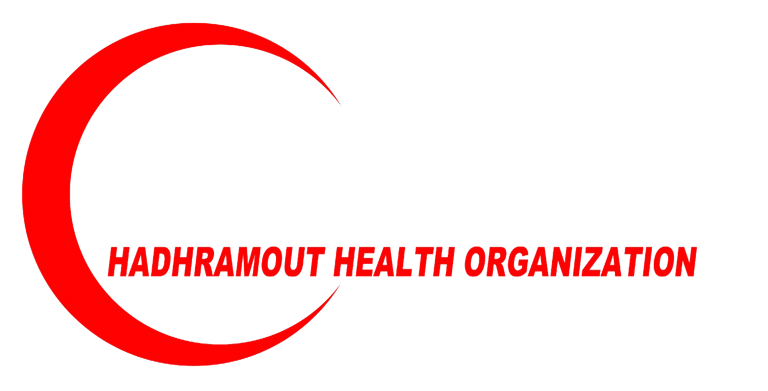 منظمة حضرموت الصحية logo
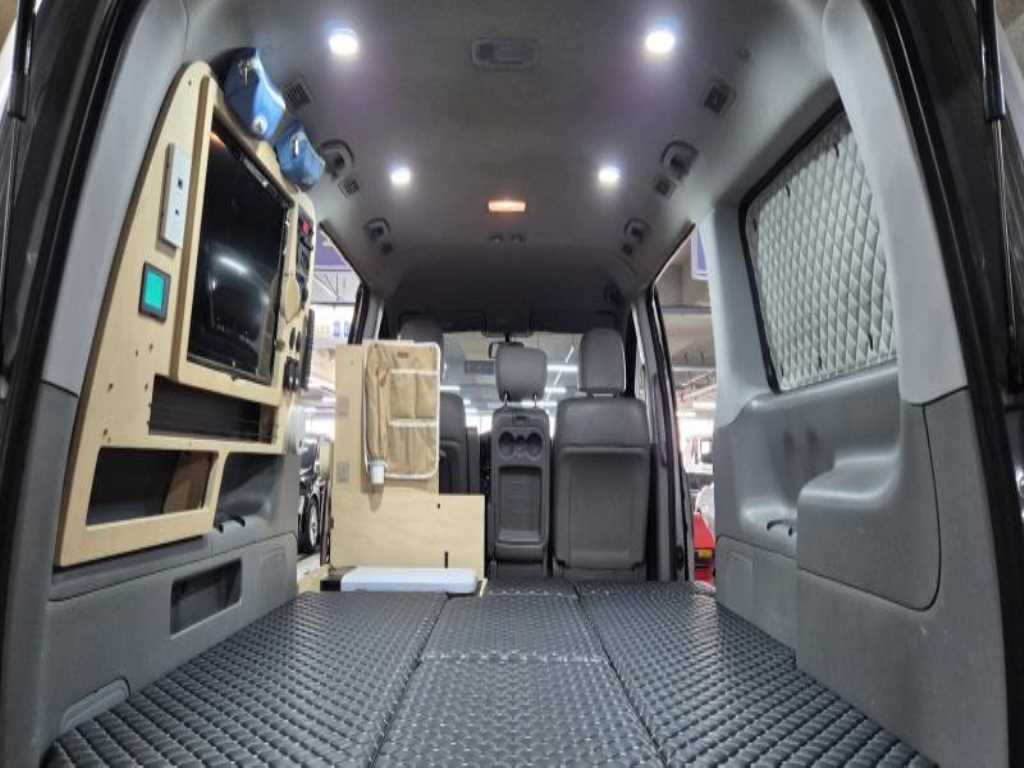 HYUNDAI Starex 2019 - Importación desde Corea - HF Imports Iquique - Foto 1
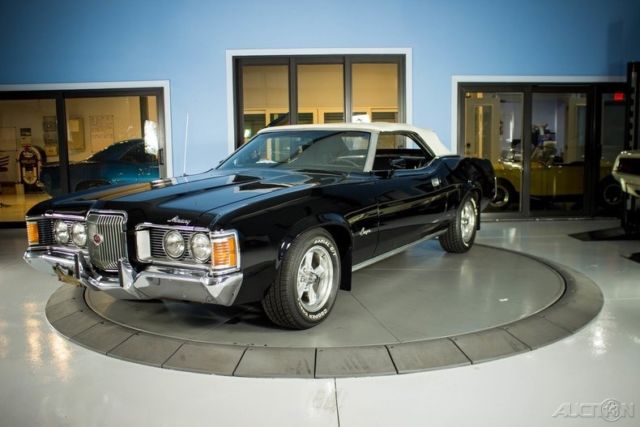 1972 Mercury Cougar XR7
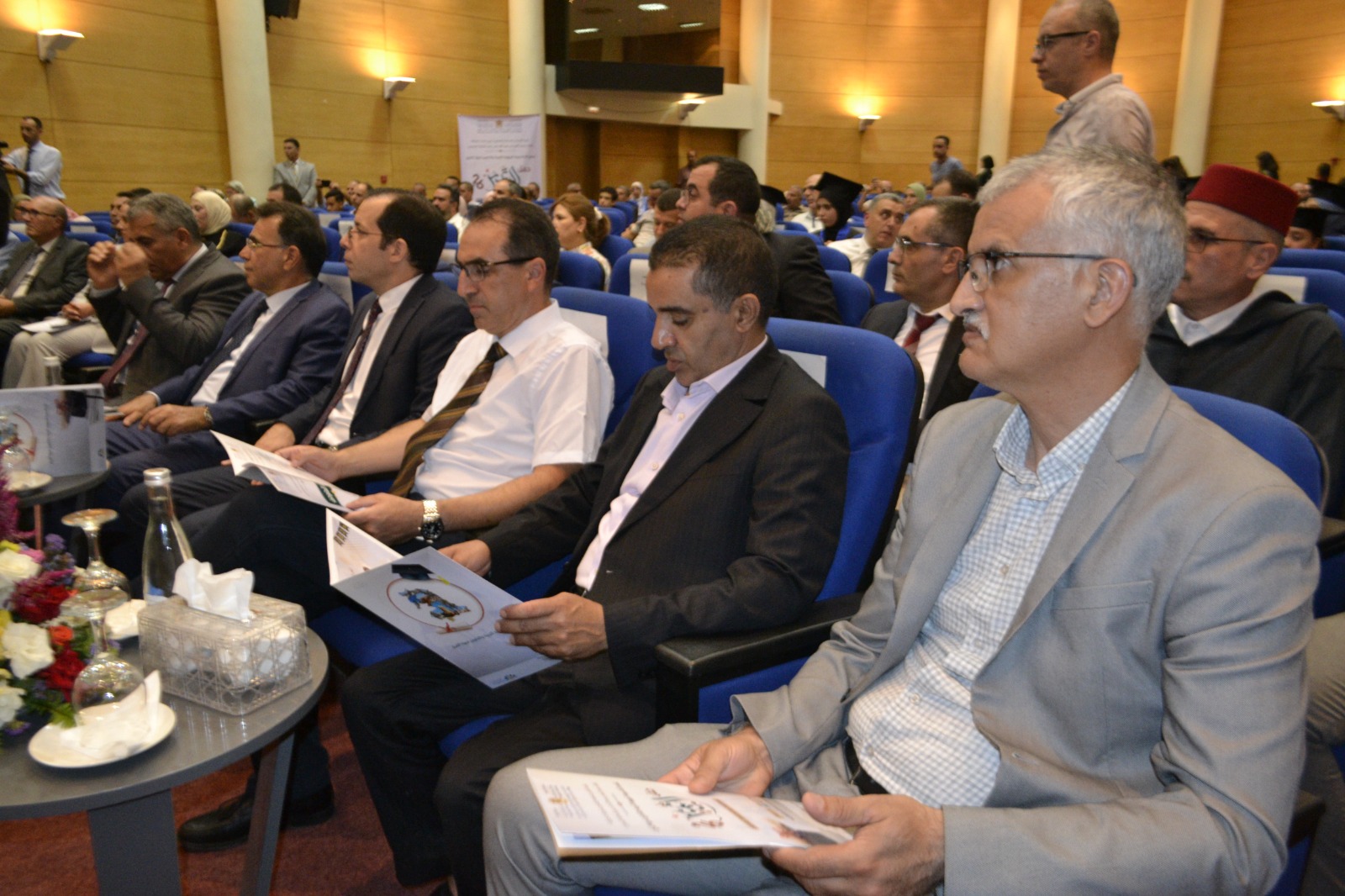 الأكاديمية الجهوية للتربية والتكوين بجهة الشرق تحتفي بالمتفوقين وتتوج المتألقين في الموسم الدراسي 2025-2026 19 1000330790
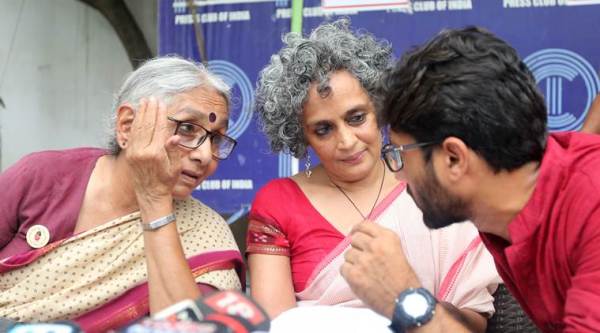 Civil society members demand action against Maharashtra Police for 'malafide attack' against activists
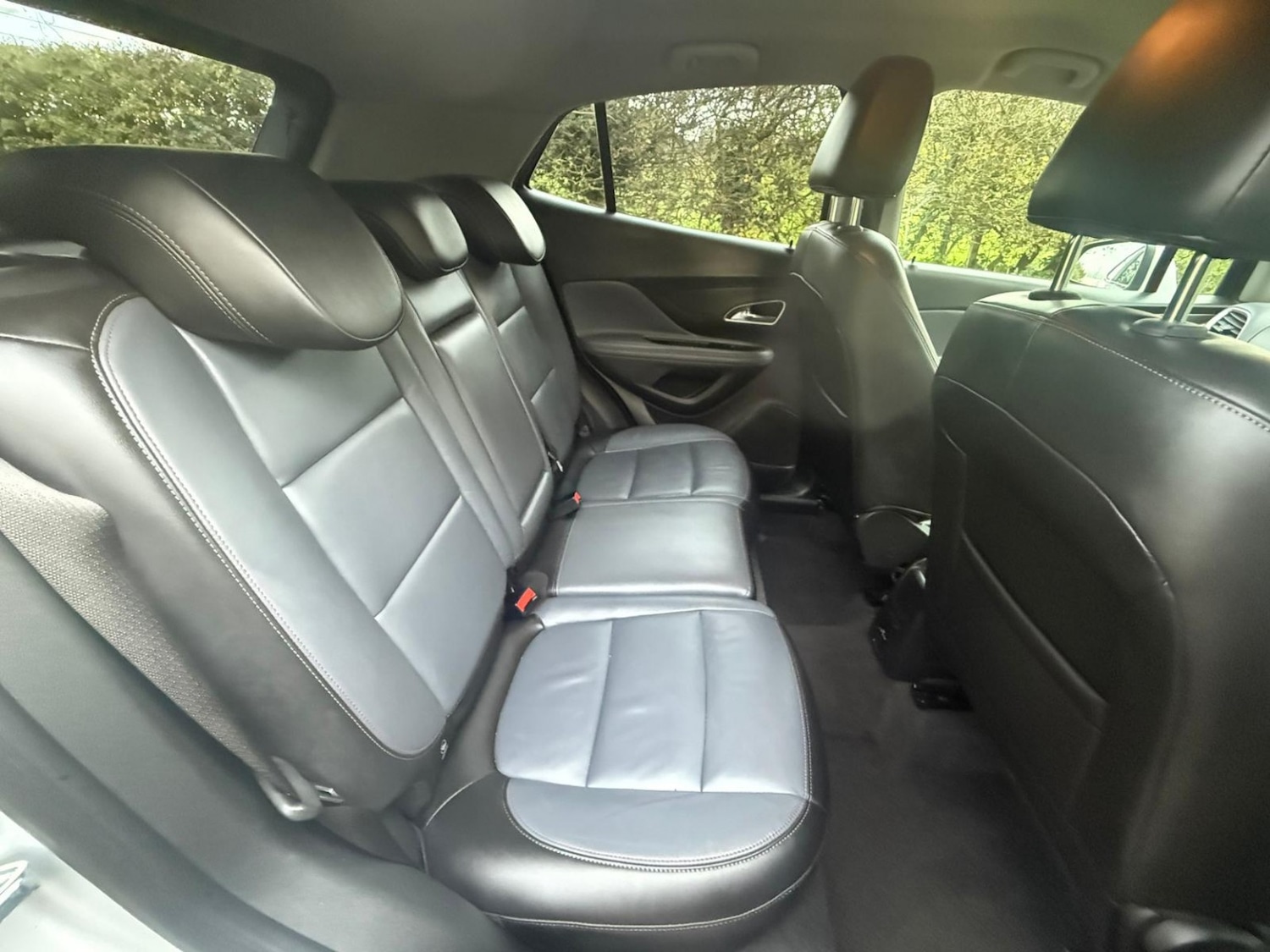Used Vauxhall Mokka 2014 for sale - 76352256: Photo 29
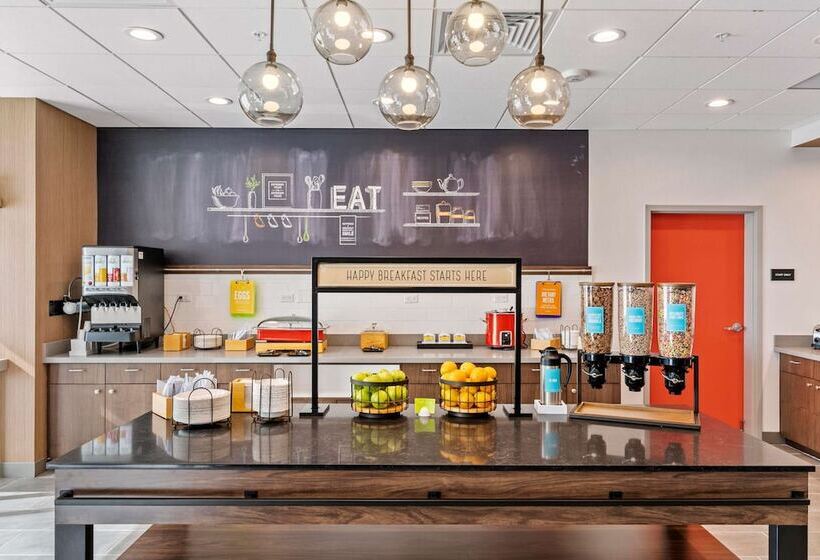 호텔 Hampton Inn Colorado Springs Northeast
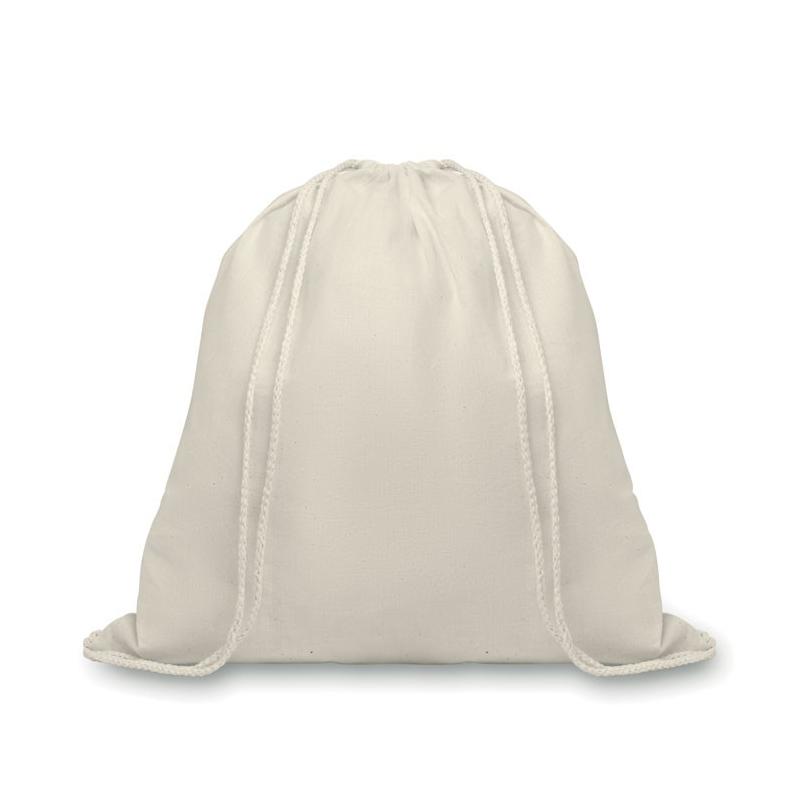 Organic cotton drawstring bag Hundred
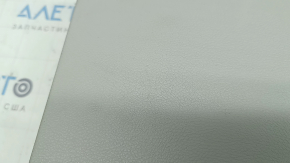 Перчаточный ящик, бардачок Chrysler Pacifica 17-26 серый, царапины, надломано крепление, трещины в креплении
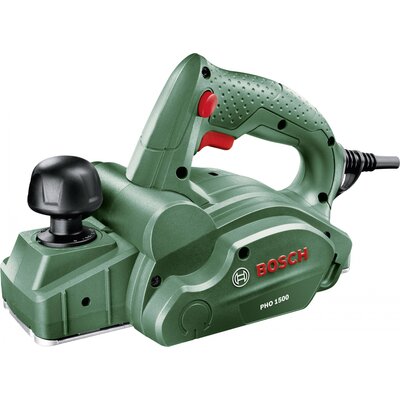 Bosch Home and Garden PHO 1500 Elektromos gyalu Gyaluszélesség: 82 mm 550 W Hajtási mélység (max.): 8 mm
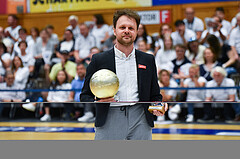 Basketball Superliga 2021/22, Finale Spiel 2, Swans Gmunden vs BC Vienna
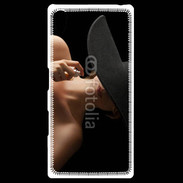 Coque Personnalisée Sony Xpéria Z5 Parfum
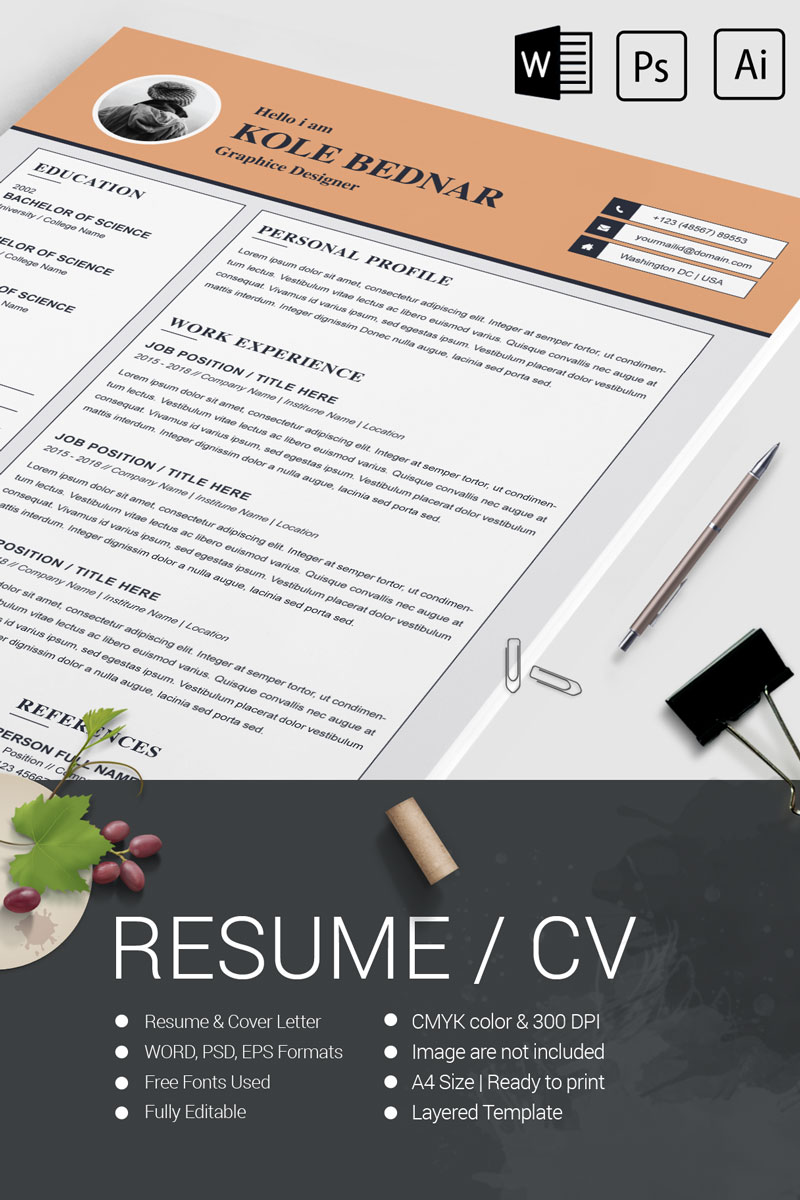 Resume Templates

- - - - - - -

* _What is needed_
Your copy should match the listing exactly, apart from the pictures it leaves out.

* _Exercise result_
 منظمة حضرموت الصحية logo
 HYUNDAI Starex 2019 - Importación desde Corea - HF Imports Iquique - Foto 1
 1972 Mercury Cougar XR7
 الأكاديمية الجهوية للتربية والتكوين بجهة الشرق تحتفي بالمتفوقين وتتوج المتألقين في الموسم الدراسي 2025-2026 19 1000330790
 Civil society members demand action against Maharashtra Police for 'malafide attack' against activists
Used Vauxhall Mokka 2014 for sale - 76352256: Photo 29
 호텔 Hampton Inn Colorado Springs Northeast
 Organic cotton drawstring bag Hundred
 Перчаточный ящик, бардачок Chrysler Pacifica 17-26 серый, царапины, надломано крепление, трещины в креплении
 Bosch Home and Garden PHO 1500 Elektromos gyalu Gyaluszélesség: 82 mm 550 W Hajtási mélység (max.): 8 mm
 Basketball Superliga 2021/22, Finale Spiel 2, Swans Gmunden vs BC Vienna
 Coque Personnalisée Sony Xpéria Z5 Parfum
 Resume Templates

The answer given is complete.